Here are my 8 Rules for Flourishing:
- Activate mind AND body (linked in flourishing). Do age appropriate exercise, laugh, study jewelry making or bridge building. What lights your fire?
- Focus on what you want—See it in your mind’s eye. Make a neural path for it. Act toward it.
- Focused activity almost always leads to positive feelings. This is the principle of FLOW (see Csiksentmihalyi discuss this himself on TED). Positive feelings allow a “broaden and build” approach to achievement.
- Attention=enjoyment (you can learn this)… Buddhist monks have highly developed attention (that part of their brain is more active than others’).
- Expectation of pleasure can work in direct opposition to things that upset you. Giving in to negative feelings doesn’t appease them, but reinforces them. Pouting, carrying a grudge, even talking about how angry you are, makes the anger bigger, not smaller. Better to go for a walk.
- Value the unexpected—in seeing new perspectives we increase our vitality.
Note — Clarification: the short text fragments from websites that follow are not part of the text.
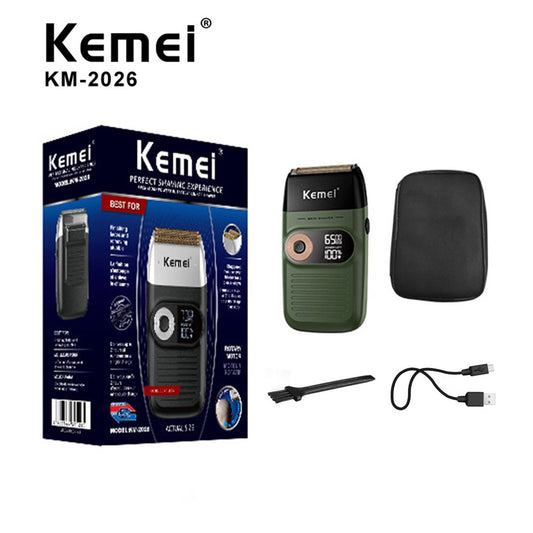 Kemei Electric Shaver Rechargeable Electric Beard Trimmer Shaving Machine for Men Twin Blade Washable Reciprocating Beard Razor - HAB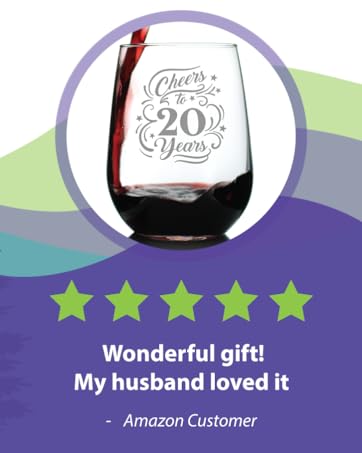 Stemless wine glass with Cheers to 20 Years emgraved on it, coupled with a 5 star review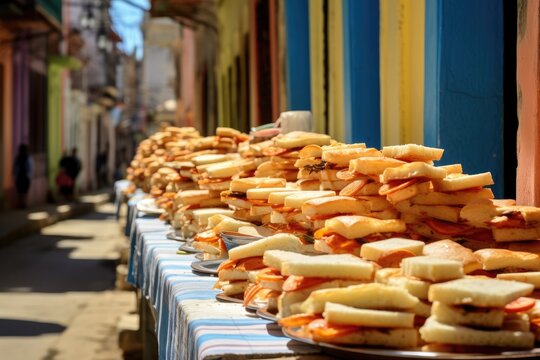 Cuban sandwiches displayed on a colorful street in Havana.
Seek out difference.
- Control your decisions, rather than your wishes. To have your wishes fulfilled, particularly when that fulfillment is at the price of your freedom is life numbing. Do you really want to make $250,000 working for a despot?
- Love someone or some being. Love them joyfully! Love a dog or a goldfish. Love your niece or your grandson. Love your spouse, your poslq (person of the opposite sex living in the same quarters), your neighbor as yourself, your garage mechanic. THIS IS MORE IMPORTANT THAN ANY OF THE OTHERS!
I’ll spend more time on each of these in weeks to come.